Assignment 2

Dates and rules.

Please read the following guidelines carefully:

  • You can do this assigment in groups of 2.
  • The assignment must be submitted as a .zip file, compressed in zip format, and sent as an attachment by email to a.lamurias@fct.unl.pt from the official FCT email address of one of the group members with "TIAB TP2" as the title. Please do not use other compression methods or other email addresses.
  • The file name should be the following: X_Y.zip where X and Y are the student number of the group members, or X.zip if it is only one student.
  • The archive must be compressed in zip format and must contain the following:

    • TP2.txt: the questions file with your answers filled in.
    • tp2.py: the script to analyze the documents and obtain your results. Note you can also send a python notebook file.
    • Any additional .py modules that you created to write your code, if you wish to split it into different modules
    • Any .png and .html files you may wish to include as reports on your results. These should be linked in the questions and answers file TP2.txt (see the instructions in the file)
    • The .txt files you used to obtain your annotations
    • For each student, only the last email sent before the deadline will be counted. So you can change the version of the assignment submitted simply by resending your assignment before the deadline.
    • If, for some reason, you want to withdraw your assignment simply send an email with the word WITHDRAW (in all caps) before the deadline. This is necessary only if you do not want to submit your assignment. It is not necessary to do this if you just want to replace your previous submission with a more recent version.
  • The deadline for submitting assignment 2 is 10th May 23:59. There will be a tolerance period of 48h, ending on 12th May 23:59, but this period should be used only for correcting any problems with the submission.

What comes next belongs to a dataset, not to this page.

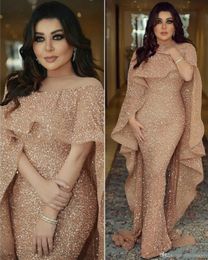 Luxe zeemeermin Arabische lange prom jurken juweel nek pailletten vloer lengte Midden-Oosten Prom formele avond feestjurken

    Download this zip file: TP2.zip. Extract it to your working folder and do not change the directory structure.

    The TP2.zip archive contains the following files:

    TP2.txt
    This is the questions and answers file you must fill out before submitting your assignment.
    tp2.ipynb
    This is the Python 3.x notebook that can be used to run your assignment. It contains the code used in the last tutorial. You can write the necessary code in this file, as well as comments describing what each cell is doing.

Description

The goal of this assignment is extract the entities of a corpus, and analyze them using an ontology, using a pipeline developed in python.

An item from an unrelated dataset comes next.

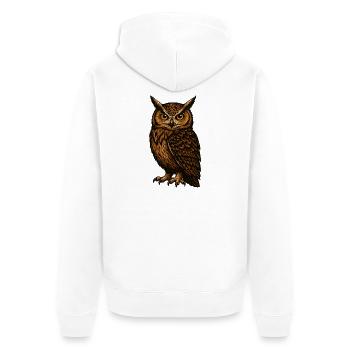 Braune Eulenblick - Unisex Premium Bio Zip Hoodie - Weiß - Hinten - Thijin (182cm)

We recommend that you use documents from the CRAFT corpus, although you can also use a set of documents that is relevant to you

Choose 5 to 10 documents to process with your pipeline

In this assignment you will need to complete these tasks:

NER and Entity Linking on full-text scientific papers
Apply the pipeline shown at the end of Lecture 12 to a set of scientific papers, either from the proposed corpus or from some other collection, to extract entities and link them to Gene Ontology terms./dd>
Analyze the results obtained
Calculate the most common entities of each document and over all documents, and how frequency of all entities found in the corpus.
Compare terms in terms of embeddings similarity
Calculate the cosine similarities between the entities identified as use that to analyze the texts. You can compare the average similarity of the entities of all documents and within each document, and look into the most similar entities pairs.
Calculate the semantic similarity between the entities found
Use a semantic similarity measure calculated on the Gene Ontology to compare the same entities, and identify cases where this similarity differs from the cosine similarity.

Instructions

Answer the questions in the txt file, using results obtained with your code. You can use plots and tables to show your results.

You can add html files with tables. Use this website to generate the html code from an excel table, which you can paste into an excel file and mention in the answers file.

In your answers you can link .png and .html files by simply writing the name of the file in a separate line. See the instructions on the TP2.txt file.